Roger Wicker


On an average day, the U.S. Coast Guard saves 10 lives, conducts 45 search and rescue operations, seizes 874 pounds of cocaine, and facilitates the movement of $8.7 billion worth of goods. Mississippians know firsthand how vital the Coast Guard is to our state’s economy and security. As chairman of the Senate Commerce Committee, I am working to strengthen the service.

The committee recently passed the Coast Guard Authorization Act of 2019 after months of bipartisan work. The Coast Guard marks its 229th anniversary this month, and this bill would make sure these dedicated servicemen and women can continue their vital work for years to come. It would authorize Coast Guard funding for the next two years, bolster its recruiting, retention, and childcare programs, and improve the competitiveness of America’s maritime industry.

Maximizing readiness

Maximizing readiness is the Coast Guard’s top priority. But the service has suffered because of its reliance on outdated assets. Coast Guardsmen need new and more capable ships, boats, and aircraft to fulfill their missions. That includes the centerpiece of its fleet, our National Security Cutters (NSC).
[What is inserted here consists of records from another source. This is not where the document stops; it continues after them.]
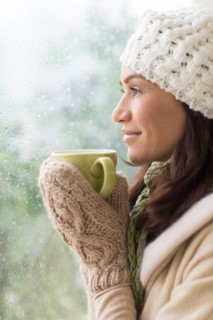 Woman in warm clothes holding mug.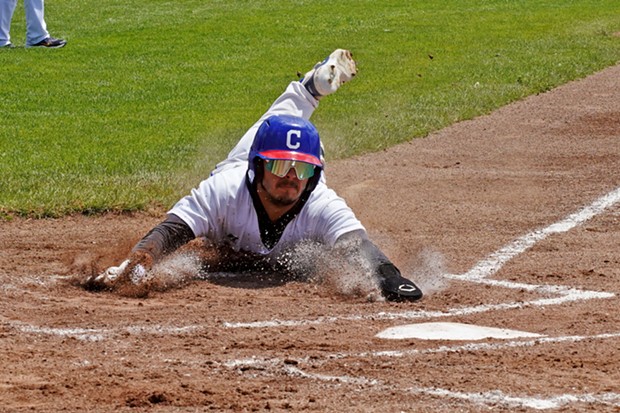 Victor Castaneda slides in safe at home during a high scoring day for the Crabs. - PHOTO BY MATT FILAR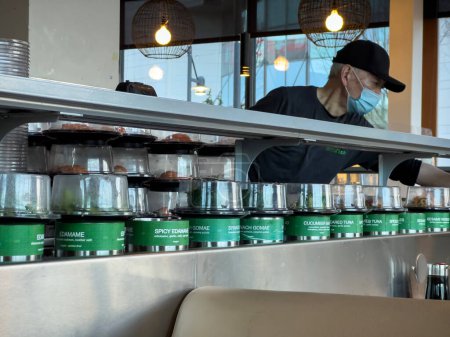 Photo for Lynnwood, WA USA - circa January 2023: Selective focus on fresh sushi on a conveyor belt inside Bitty Fish Japanese restaurant at the Alderwood Mall. - Royalty Free Image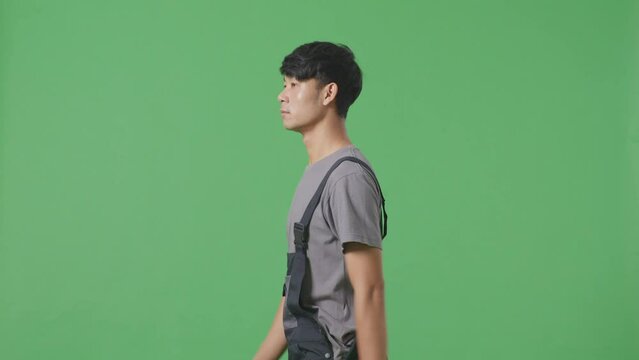 Side View Of Asian Man Worker Walking And Looking Around In The Green Screen Background Studio
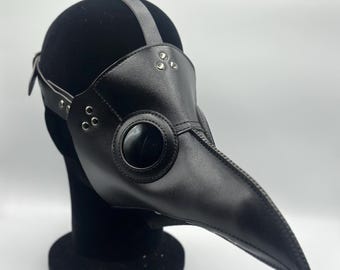 May include: A black leather plague doctor mask with a long, curved beak and large, round eye openings. The mask has a strap that goes over the head and is secured with rivets. The mask is displayed on a black head form.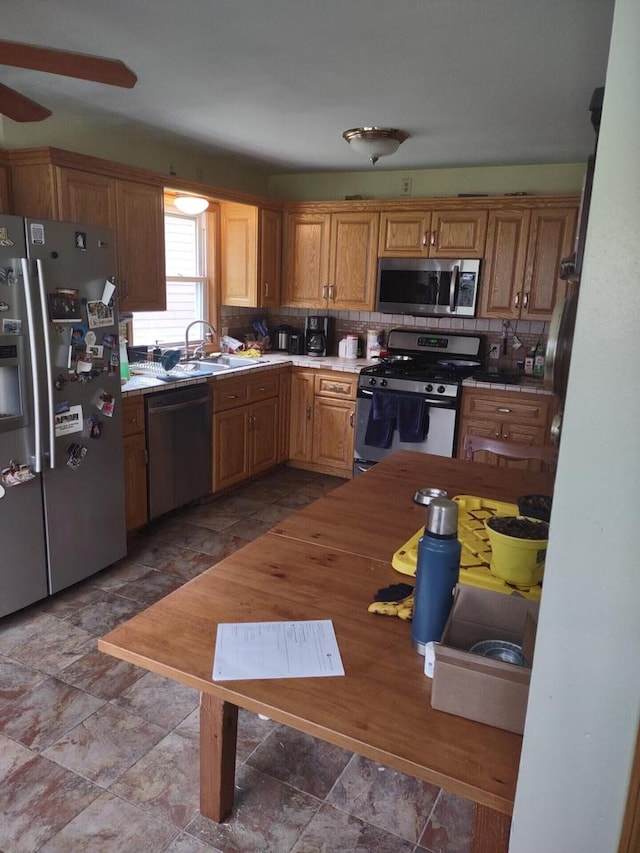 1041 Sundown Ct, Mukwonago, WI 53149 - kitchen with appliances with stainless steel finishes, a sink, tasteful backsplash, a ceiling fan, and stone finish flooring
In addition, the Coast Guard’s obligations around the globe require it to protect America’s interests in both Polar Regions. This legislation would meet these needs by authorizing funding for a twelfth NSC and the new Polar Security Cutter, both to be made by Mississippi’s expert shipbuilders.

Strengthening the service also requires new technologies. Unmanned Maritime Systems could enhance ocean current monitoring and hurricane prediction, potentially saving lives. After Hurricane Katrina, Coast Guardsmen were all hands on deck and among the first to respond. This bill would direct the Coast Guard to assess how these new systems could be used going forward, giving it more tools for when the next storm hits.

Investing in additional and improved equipment is important, but the Coast Guard’s workforce needs to modernize if it is to become as effective as possible. This authorization would reform the Coast Guard’s personnel policies to make it a more competitive and attractive opportunity for potential recruits. Individuals with critical skills in areas like cybersecurity would be able to commission directly, officers with high-demand capabilities could be temporarily promoted, and families would have better access to child care.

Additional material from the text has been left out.